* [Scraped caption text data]
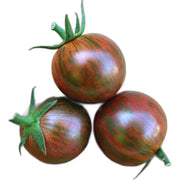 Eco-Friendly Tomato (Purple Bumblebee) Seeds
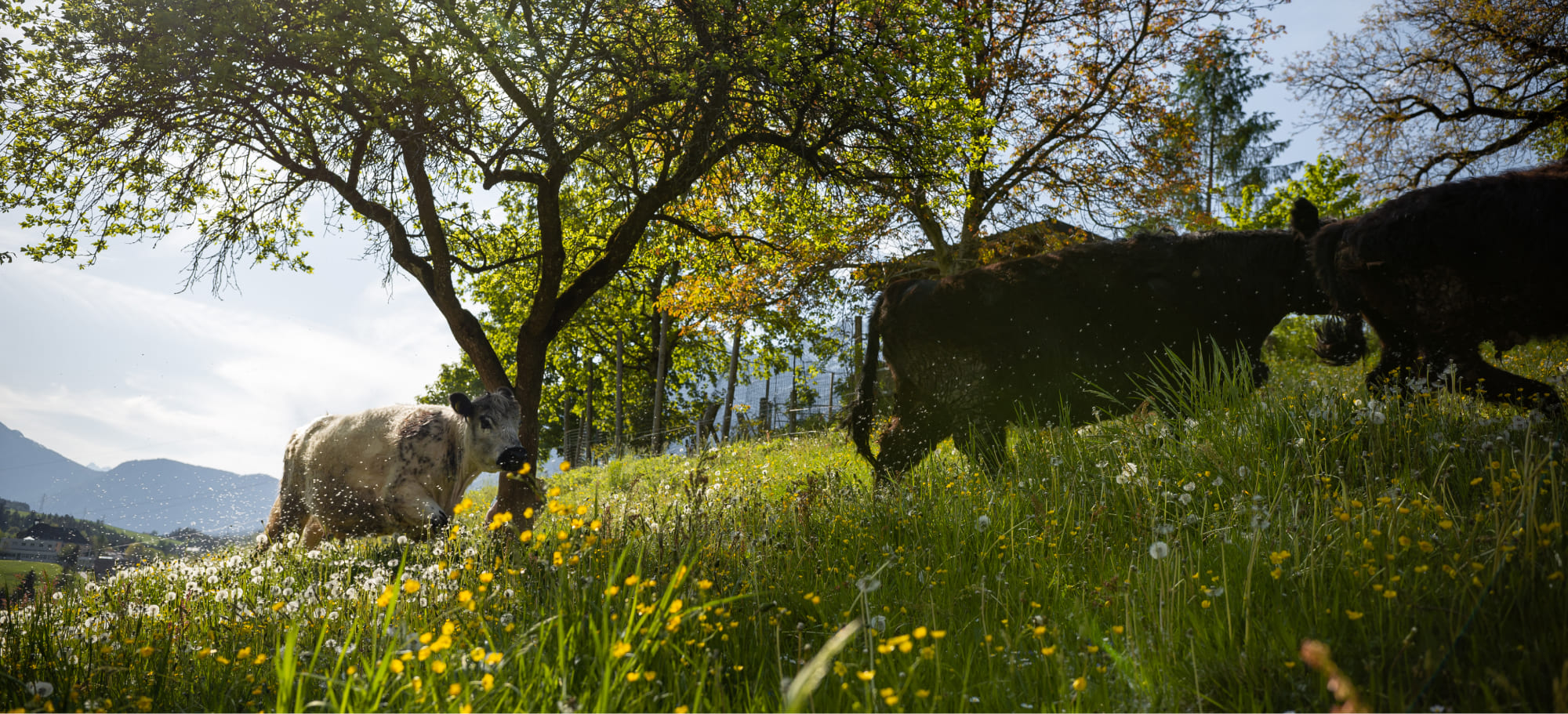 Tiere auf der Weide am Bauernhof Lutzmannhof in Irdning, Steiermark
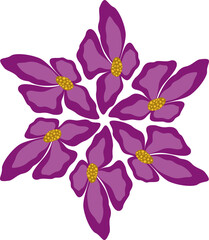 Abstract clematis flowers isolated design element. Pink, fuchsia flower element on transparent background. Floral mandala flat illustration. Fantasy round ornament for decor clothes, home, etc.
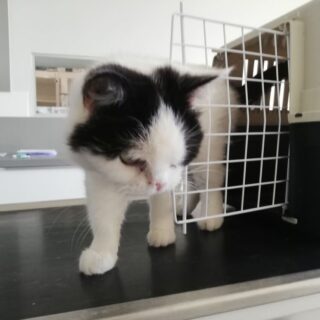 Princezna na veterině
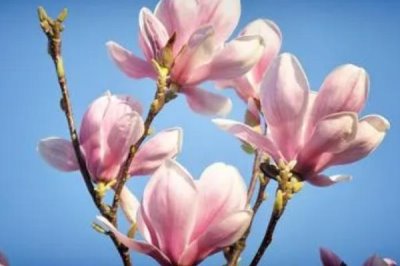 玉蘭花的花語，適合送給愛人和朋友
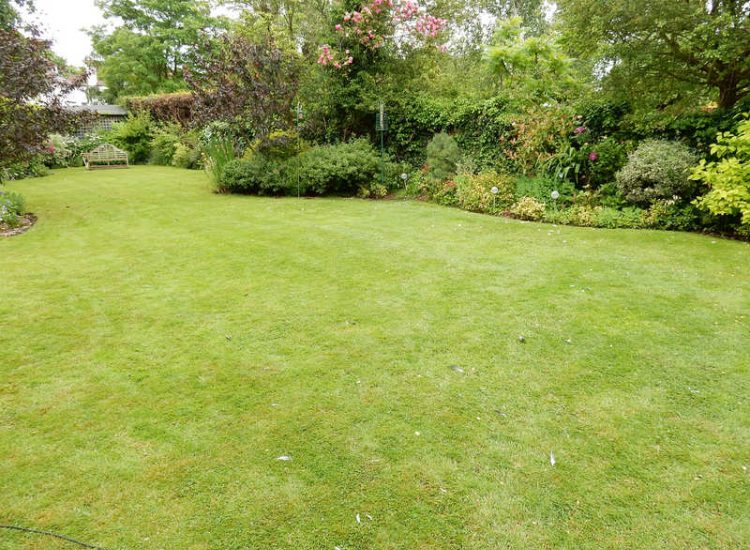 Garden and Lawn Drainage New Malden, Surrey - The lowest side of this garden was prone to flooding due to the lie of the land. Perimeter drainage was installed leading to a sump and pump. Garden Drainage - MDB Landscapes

* [What you have to do]
Transcribe the records above exactly as they appear, leaving out any pictures.

* [Reply to the task]
 Eco-Friendly Tomato (Purple Bumblebee) Seeds
 Tiere auf der Weide am Bauernhof Lutzmannhof in Irdning, Steiermark
 Abstract clematis flowers isolated design element. Pink, fuchsia flower element on transparent background. Floral mandala flat illustration. Fantasy round ornament for decor clothes, home, etc.
 Princezna na veterině
 玉蘭花的花語，適合送給愛人和朋友
 Garden and Lawn Drainage New Malden, Surrey - The lowest side of this garden was prone to flooding due to the lie of the land. Perimeter drainage was installed leading to a sump and pump. Garden Drainage - MDB Landscapes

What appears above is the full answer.